Thanks for your email, Romain. It helps understand your goals and where
you're coming from. I'd also like to see a thinner core, and agree it's
beneficial to reduce dependencies where possible, especially when
supporting the usecase where the pipeline is constructed in an environment
other than an end-user's main.

It seems a lot of the portability work, despite being on the surface driven
by multi-language, aligns well with many of these goals. For example, all
the work going on in runners-core to provide a rich library that all (Java,
and perhaps non-Java) runners can leverage to do DAG preprocessing (fusion,
combiner lifting, ...) and handle the low-level details of managing worker
subprocesses. As you state, the more we can put into these libraries, the
more all runners can get "for free" by interacting with them, while still
providing the flexibility to adapt to their differing models and strengths.

Getting this right is, for me at least, one of the highest priorities for
Beam.

- Robert
On Wed, May 16, 2018 at 11:51 AM Kenneth Knowles <k...@google.com> wrote:

> Hi Romain,

> This gives a clear view of your perspective. I also recommend you ask
around to those who have been working on Beam and big data processing for a
long time to learn more about their perspective.

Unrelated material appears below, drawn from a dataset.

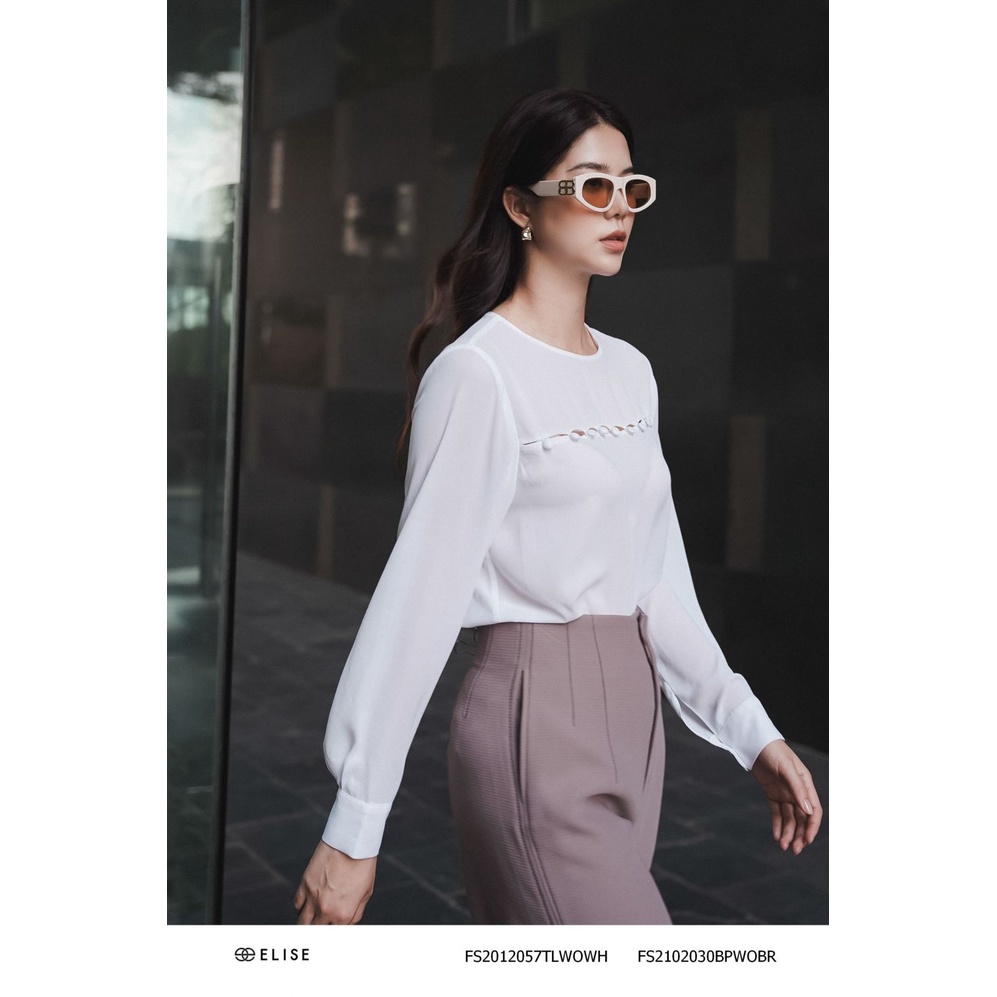 Áo sơ mi trắng phối cúc ngực thiết kế Elise FS2012057TLWOWH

> Your "Beam Analysis" is pretty accurate about what we've been trying to
build. I would say (a) & (b) as "any language on any runner" and (c) is our
plan of how to do it: define primitives which are fundamental to parallel
processing and formalize a language-independent representation, with
adapters for each language and data processing engine.

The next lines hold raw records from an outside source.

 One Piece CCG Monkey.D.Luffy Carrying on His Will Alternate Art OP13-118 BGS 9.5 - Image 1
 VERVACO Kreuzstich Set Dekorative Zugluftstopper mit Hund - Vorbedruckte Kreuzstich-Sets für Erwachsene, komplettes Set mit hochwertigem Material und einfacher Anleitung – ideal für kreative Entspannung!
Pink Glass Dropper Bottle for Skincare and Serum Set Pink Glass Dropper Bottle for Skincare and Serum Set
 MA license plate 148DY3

> Of course anyone in the community may have their own particular goal. We
don't control what they work on, and we are grateful for their efforts.

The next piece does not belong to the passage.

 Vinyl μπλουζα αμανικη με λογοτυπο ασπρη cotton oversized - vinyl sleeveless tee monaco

> Technically, there is plenty to agree with. I think as you learn about
Beam you will find that many of your suggestions are already handled in
some way. You may also continue to learn sometimes about the specific
reasons things are done in a different way than you expected. These should
help you find how to build what you want to build.

> Kenn

> On Wed, May 16, 2018 at 1:14 AM Romain Manni-Bucau <rmannibu...@gmail.com>
wrote:

>> Hi guys,

>> Since it is not the first time we have a thread where we end up not
understanding each other, I'd like to take this as an opportunity to
clarify what i'm looking for, in a more formal way. This assumes our
misunderstandings come from the fact I mainly tried to fix issues one by
ones, instead of painting the big picture I'm getting after. (My rational
was I was not able to invest more time in that but I start to think it was
not a good chocie). I really hope it helps.

>> 1. Beam analysis

>> Beam has three main goals:

>> a. Being a portable API accross runners (I also call them
"implementations" by opposition of "api")
>> b. Bringing some interoperability between languages and therefore users
>> c. Provide primitives (groupby for instance), I/O and generic processing
items

>> Indeed it doesn't cover all beam's features but, high level, it is what
it brings.

>> In terms of advantages and why choosing beam instead of spark, for
instance, the benefit is mainly to not be vendor locked on one side and to
enable more users on the other side (you note that point c is just catching
up on vendors ecosystems with these statements).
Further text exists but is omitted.